We are all want to improve. Intentionally or otherwise, we do this by experimentation. We take new actions or try different methods to see if our outcomes improve. One of the key ways we measure that improvement is by external feedback. We ask others to assess our judgements, and look for differing viewpoints and experiences.
Over the last few weeks, I’ve tried new methods in a couple of key areas I work in. As such, honest feedback is essential for me at the moment to move forward. My current issue is that the people I’ve been working with haven’t volunteered any feedback. It doesn’t take too long to get to the root cause of that one, which is that I haven’t requested it.
It’s not immediately clear to me why this isn’t the case. I’ve requested feedback before. I know what questions to ask to prompt constructive contribution. I know how to separate judgement on my work from judgement on me as a person. I’ve had to set aside time for reflection to examine what is inhibiting me here and now.
My initial reflection is that the action of asking for feedback makes you vulnerable. You are voluntarily removing some safety from your environment, but with no predictable outcome. It’s a blind bet, and the loss can be as significant as the gain. Personal comfort with vulnerability is not a steady state, and environmental factors have a big part to play. Making changes can lower your confidence in getting to a positive outcome. Your investment in a piece of work inevitably makes it feel riskier to expose it to a potential negative judgement. Even assuming we’re personally comfortable, we don’t know what might be influencing the person we are asking for feedback from. This is the challenge at the heart of using feedback constructively - it is most valuable at the time it is most difficult to hear.
How then do we address this challenge? We often talk about vulnerability being a key aspect of leadership, but the ability to demonstrate vulnerability needs to be an ability we all have, regardless of our role or responsibility. In not asking for this feedback, I have demonstrated that I do not feel safe enough to hear it. It’s not solely my responsibility to create that safety, but I need to identify positive steps to enable it.

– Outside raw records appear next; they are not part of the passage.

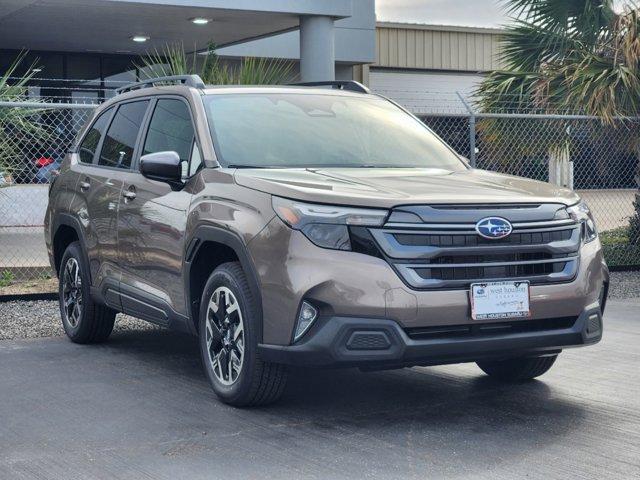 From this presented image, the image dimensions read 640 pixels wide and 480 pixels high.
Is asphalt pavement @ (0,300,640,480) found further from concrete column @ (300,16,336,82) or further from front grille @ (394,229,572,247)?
concrete column @ (300,16,336,82)

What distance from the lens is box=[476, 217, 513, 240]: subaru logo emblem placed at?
5430 mm

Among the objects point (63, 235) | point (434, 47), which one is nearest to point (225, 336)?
point (63, 235)

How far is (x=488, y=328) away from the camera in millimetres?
5473

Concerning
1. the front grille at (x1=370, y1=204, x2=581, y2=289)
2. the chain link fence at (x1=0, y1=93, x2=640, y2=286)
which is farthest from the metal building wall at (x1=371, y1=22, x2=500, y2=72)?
the front grille at (x1=370, y1=204, x2=581, y2=289)

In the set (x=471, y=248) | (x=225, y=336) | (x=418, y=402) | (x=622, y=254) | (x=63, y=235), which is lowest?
(x=622, y=254)

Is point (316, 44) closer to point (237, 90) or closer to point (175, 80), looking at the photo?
point (175, 80)

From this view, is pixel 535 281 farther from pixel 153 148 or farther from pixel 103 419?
pixel 153 148

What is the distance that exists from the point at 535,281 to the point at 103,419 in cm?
235

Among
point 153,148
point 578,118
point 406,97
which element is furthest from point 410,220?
point 406,97

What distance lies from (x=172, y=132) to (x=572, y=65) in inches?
317

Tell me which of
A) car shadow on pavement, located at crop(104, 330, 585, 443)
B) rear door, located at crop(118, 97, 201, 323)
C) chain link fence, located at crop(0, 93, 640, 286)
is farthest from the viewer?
chain link fence, located at crop(0, 93, 640, 286)

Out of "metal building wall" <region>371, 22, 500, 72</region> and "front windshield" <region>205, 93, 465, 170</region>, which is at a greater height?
"metal building wall" <region>371, 22, 500, 72</region>

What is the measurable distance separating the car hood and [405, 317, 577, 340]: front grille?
61cm

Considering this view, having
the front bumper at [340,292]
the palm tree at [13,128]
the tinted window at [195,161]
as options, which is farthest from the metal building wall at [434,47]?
the front bumper at [340,292]
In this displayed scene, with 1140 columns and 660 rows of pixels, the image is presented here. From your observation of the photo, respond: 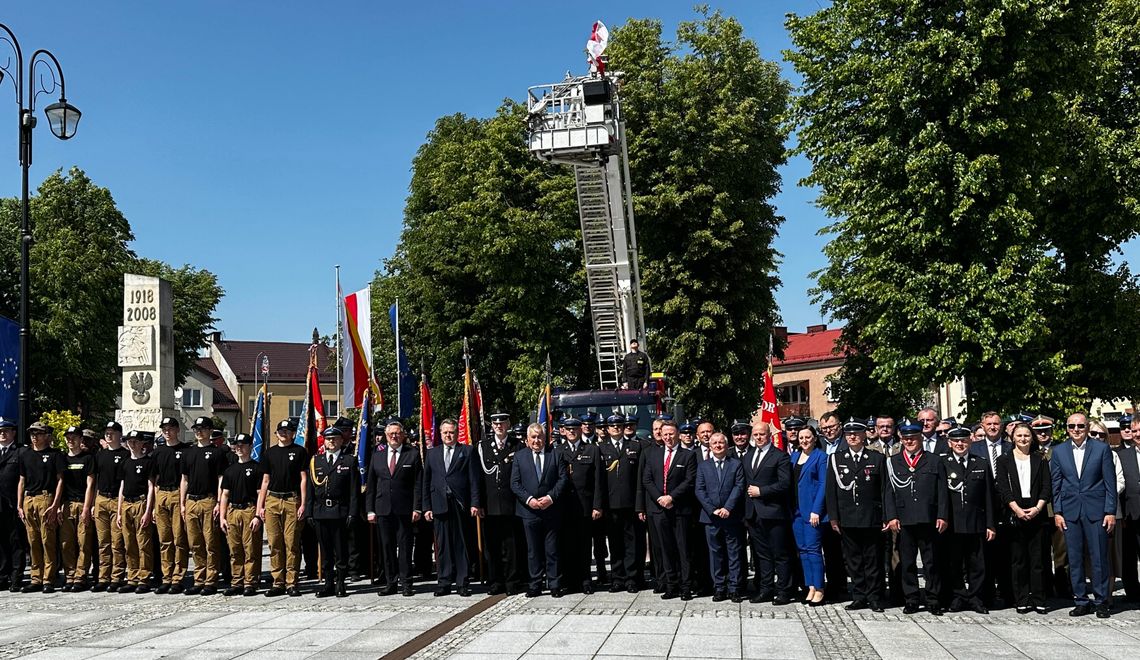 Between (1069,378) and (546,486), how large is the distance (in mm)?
15215

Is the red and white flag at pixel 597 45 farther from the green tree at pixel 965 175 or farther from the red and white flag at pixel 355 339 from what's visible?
the red and white flag at pixel 355 339

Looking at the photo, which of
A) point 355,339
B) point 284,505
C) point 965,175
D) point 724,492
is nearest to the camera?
point 724,492

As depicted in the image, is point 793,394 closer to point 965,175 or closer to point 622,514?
point 965,175

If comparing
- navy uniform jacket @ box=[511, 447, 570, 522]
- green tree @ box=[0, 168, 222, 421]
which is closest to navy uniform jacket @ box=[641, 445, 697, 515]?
navy uniform jacket @ box=[511, 447, 570, 522]

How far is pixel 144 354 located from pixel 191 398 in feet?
173

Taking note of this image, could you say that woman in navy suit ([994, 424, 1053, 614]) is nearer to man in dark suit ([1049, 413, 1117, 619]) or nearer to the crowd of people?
the crowd of people

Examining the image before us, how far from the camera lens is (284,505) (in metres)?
10.7

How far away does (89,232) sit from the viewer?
130 ft

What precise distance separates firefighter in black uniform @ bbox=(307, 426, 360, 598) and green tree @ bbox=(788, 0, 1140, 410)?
1303 centimetres

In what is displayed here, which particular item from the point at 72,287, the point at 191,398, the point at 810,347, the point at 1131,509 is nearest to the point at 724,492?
the point at 1131,509

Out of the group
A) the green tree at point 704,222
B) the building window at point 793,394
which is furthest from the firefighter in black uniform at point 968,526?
the building window at point 793,394

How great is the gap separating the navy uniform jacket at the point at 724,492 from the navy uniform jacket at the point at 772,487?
11 centimetres

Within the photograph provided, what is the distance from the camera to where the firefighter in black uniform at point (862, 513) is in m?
9.40

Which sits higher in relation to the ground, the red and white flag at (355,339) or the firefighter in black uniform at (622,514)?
the red and white flag at (355,339) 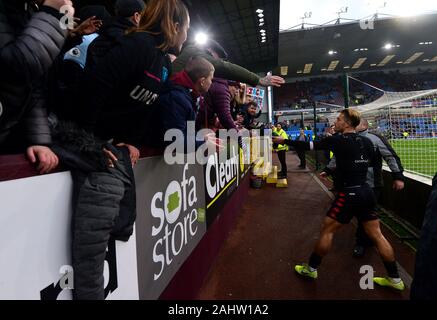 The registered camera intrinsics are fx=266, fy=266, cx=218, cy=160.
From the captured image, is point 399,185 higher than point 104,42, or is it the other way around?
point 104,42

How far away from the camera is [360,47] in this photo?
24.9 metres

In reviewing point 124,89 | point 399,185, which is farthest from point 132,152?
point 399,185

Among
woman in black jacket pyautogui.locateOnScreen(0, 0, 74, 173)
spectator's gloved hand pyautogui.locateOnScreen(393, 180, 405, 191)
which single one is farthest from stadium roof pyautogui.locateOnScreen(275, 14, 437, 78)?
woman in black jacket pyautogui.locateOnScreen(0, 0, 74, 173)

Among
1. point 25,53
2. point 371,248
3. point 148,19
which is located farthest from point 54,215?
point 371,248

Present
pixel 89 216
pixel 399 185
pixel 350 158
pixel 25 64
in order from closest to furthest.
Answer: pixel 25 64 → pixel 89 216 → pixel 350 158 → pixel 399 185

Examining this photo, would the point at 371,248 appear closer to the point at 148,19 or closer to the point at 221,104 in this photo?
the point at 221,104

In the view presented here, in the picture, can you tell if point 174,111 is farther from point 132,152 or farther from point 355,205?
point 355,205

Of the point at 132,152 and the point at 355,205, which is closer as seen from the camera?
the point at 132,152

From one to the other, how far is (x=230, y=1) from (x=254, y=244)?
12.1m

There’s a painful truth to acknowledge here. I’ve never worked in an organisation that got feedback right. I’m now of the opinion that it’s not possible for an organisation to get it “right”. There are so many changing variables with feedback that it’s not possible to create and implement a framework or culture that guarantees success. Rather than looking at it from the top down, we need to nurture relationships where we can accept honest assessments, and build new ones when we have capacity. Feedback starts at home.